Between May and September 2021, the local government entity paid $11.7 million in contractor invoices, which included more than $8.9 million in labor expenses. Instead of providing supporting documentation for its labor charges, the contractor simply calculated the labor expenses on its invoices by multiplying 24 hours per day for every employee deployed to the testing site by each employee’s labor rate. At OIG’s request, the government entity requested the supporting documentation for the reimbursed labor expenses, but the contractor could not provide documentation to prove it actually paid the employees the amount it was reimbursed. The contractor did provide records for some employees deployed to the testing site, which amounted to about $1.5 million. However, OIG questioned the remaining $7.3 million in labor expenses because the contractor did not provide supporting documentation.

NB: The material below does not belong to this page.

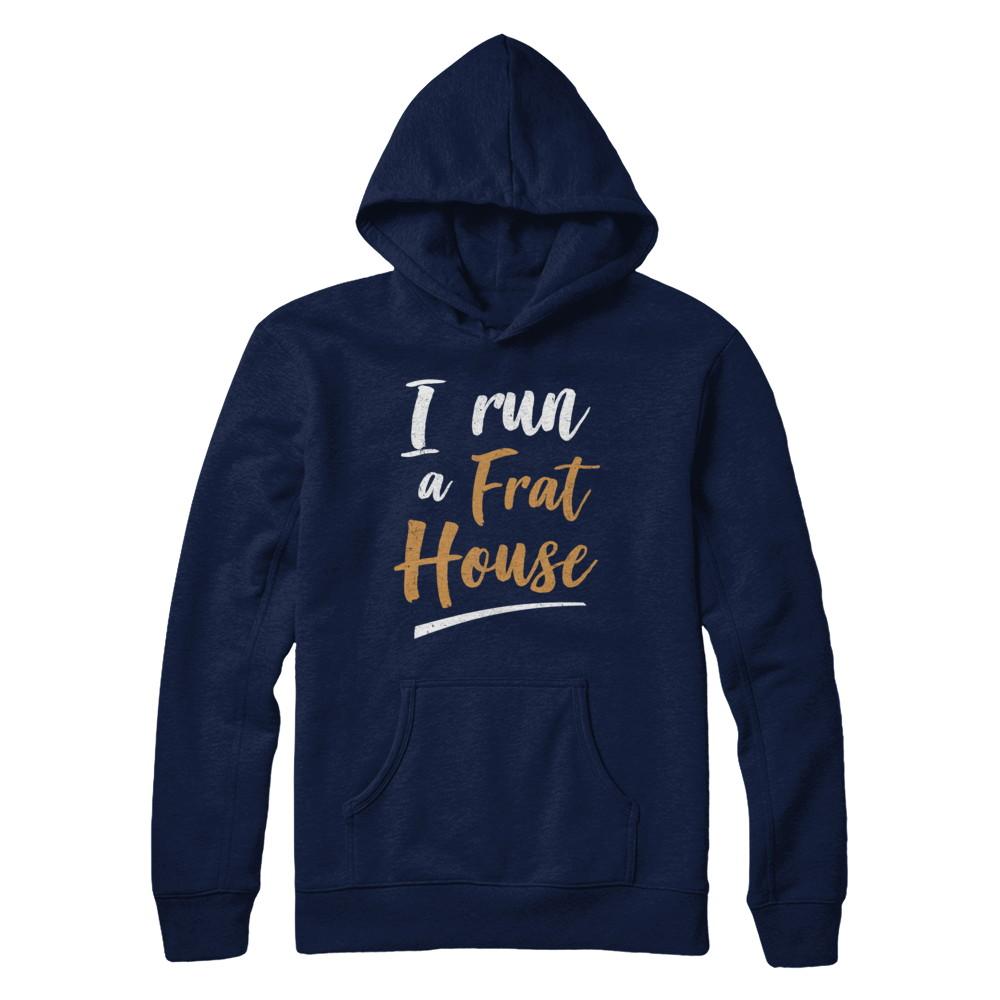 I Run A Frat House-T-Shirt & Hoodie-Pullover Hoodie-Navy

In addition, one LRO received duplicate reimbursements for claimed expenses, and two LROs miscalculated or failed to support expenses in humanitarian relief services.
OIG also determined that some families and individuals did not have a DHS encounter record. One LRO did not respond to OIG’s requests for supporting documentation for the number of families and individuals served. Two LROs did not maintain supporting documentation for the number of families and individuals served. Two LROs maintained supporting documentation for the number but did not include the names of the families and individuals served.
OIG attributes the failings to FEMA’s insufficient oversight of the funds and reliance on local boards and fiscal agents to enforce the funding and application guidance. Consequently, OIG said that FEMA, as the National Board Chair, cannot ensure the humanitarian relief funds were used as intended by the funding and application guidance.
Without additional oversight and enforcement from FEMA and the National Board, OIG is concerned that LROs may continue to use the funds for services without providing the required supporting documentation for reimbursement, increasing the risk of misuse of funds and fraud.
As a result of its findings, OIG recommended that FEMA ensures that the EFSP National Board resolves the questioned costs and incorporates controls in the ARPA Humanitarian Relief Funding and Application Guidance to minimize future reimbursements of unsupported costs. Additionally, the watchdog called for FEMA to ensure the labor hour reimbursements made to the COVID-19 testing contractor are appropriately supported.
FEMA concurred and reported that the EFSP in coordination with FEMA proactively issued guidance to disallow “on-call” labor hour terms in contracts using humanitarian relief funds and to require fiscal agents to report reimbursements quarterly. FEMA proposed additional guidance to require the EFSP National Board to report quarterly how funds are used and require LROs to provide additional information regarding migrants encountered by DHS.
OIG also recommended that FEMA ensure that the EFSP National Board implements oversight measures to enforce the ARPA Humanitarian Relief Funding and Application Guidance for future supplemental appropriations. Specifically, this would include developing a risk-based methodology to review a sample of ongoing funding execution for future supplemental appropriations to ensure funds approved are reviewed and reconciled for completeness and accuracy; and supported with appropriate documentation, including rosters or other documentation for the number of people served.
FEMA agreed and said it has coordinated with the EFSP National Board to develop guidance to enhance the oversight of humanitarian relief funds by requiring the EFSP and LROs to report expenditures quarterly. In addition, FEMA plans to issue guidance and policy to verify humanitarian relief funds are used as intended.
FEMA’s estimated completion date to implement all the corrective actions is June 30, 2023.